200-crayingKids’ Corner | By Patrick Biron –

It’s cliché, but raising children really is one of the hardest jobs, because it’s a job that is never finished. No matter how good of a job you do today, there will always be another situation tomorrow that requires parenting.

When it comes to bad behavior, breaking rules and pushing boundaries are intrinsically part of a child’s emotional and psychological development. It’s our job as parents, therefore, to try and limit the opportunities for bad behavior and redirect our children to good behavior when they act out of line. But, that is much easier said than done.

Your child makes a choice every second, and that choice is guided by a drive to get what he enjoys, wants or needs. Proactive, positive discipline is a method that gives children the tools and opportunity to choose good ways to communicate and attain their needs and wants and limit the bad ways to do so. For example, this past week, my two-year-old son said to me, “Dada, ball.” So, I bent down, grabbed the ball by my feet and proceeded to roll the ball back toward him. He proceeded to have a minor meltdown. I realized in that moment that the want he had in his head was not being communicated well by him or understood well by me. I thought he wanted me to roll the ball back to him. In his mind, he wanted me to take the ball and hide it under my shirt. Silly daddy, how could I not have guessed that from “Dada, ball?”

If I had punished him for his freak-out over Ball-pocalypse 2015, it’s important to realize that he would have associated the punishment with the wrong thing. Especially in toddlers, it is nearly impossible for them to associate punishment with actions. Rather, they associate punishment with their emotions. In this case, my son would probably have interpreted a punishment directed not towards his meltdown – the “how” he communicated – but rather with the sadness he felt when he didn’t get what he wanted – the “what” he was trying to communicate.

The key here is acknowledging the emotion a child is feeling and letting him know that feeling isn’t bad. In the example of my son, I calmly told him that I could tell he was frustrated because I hadn’t done what he wanted, and that’s okay. I told him I would love to play the way he wants me to, but I can’t understand what he wants when he tells me through crying and yelling.

I then asked, “Do you want me to throw the ball instead?” I finally hit the jackpot and guessed that he wanted me to hide the ball in my shirt. I then told him how to properly ask that, got him to repeat after me, and the world was once again right in the Biron household.

The hard part in all of this is controlling your own emotions as you try to teach your child how to control theirs. Like I mentioned, it’s easier said than done. Also, remember that your child can either be doing the right thing or the wrong thing at any given time. They can’t do both at once. So, if you put your child in situations that limit bad behavior and encourage good decisions, you are staying one step ahead of the game. You can’t put a cookie in front of a two-year-old and tell her not to eat it while you leave the room.
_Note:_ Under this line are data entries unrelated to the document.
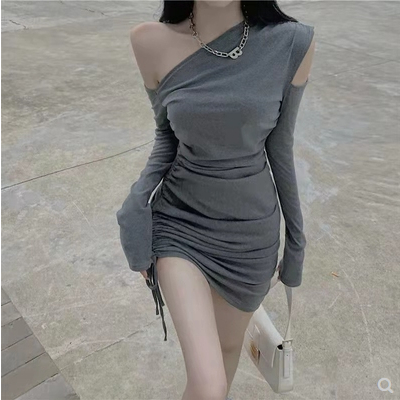裙子女夏2023新款性感露肩氣質修身包臀裙短裙顯瘦緊身黑色連衣裙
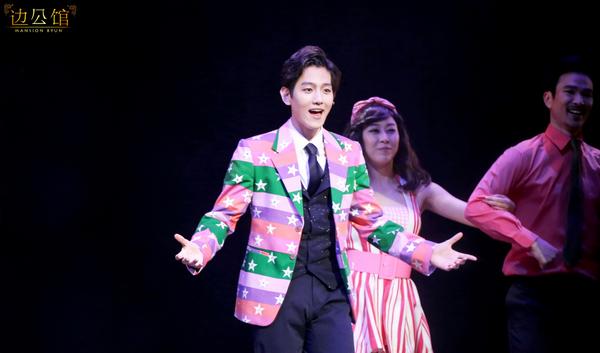 140715 Singin' in the rain Baekhyun →【cfile7.uf.tistory.com/image/236B4B43…】【cfile30.uf.tistory.com/image/21555D43…】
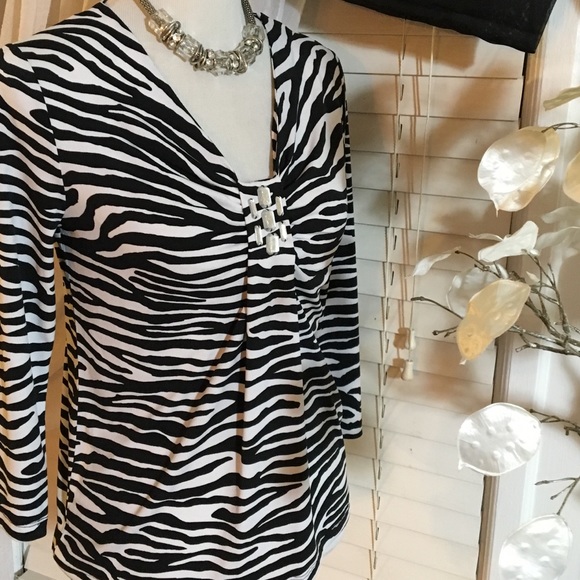 JONES NEW YORK TOP - Picture 3 of 4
She just doesn’t have high enough cognitive development to understand delayed gratification, and you’re setting her up for failure. Instead, give her two or three things she can do while Mommy goes potty, and then praise her for choosing one of those good things. Remember, praise the positive and neutralize the negative.

All that said, tomorrow there will be another lesson, another meltdown. It might be for my son too – not just me.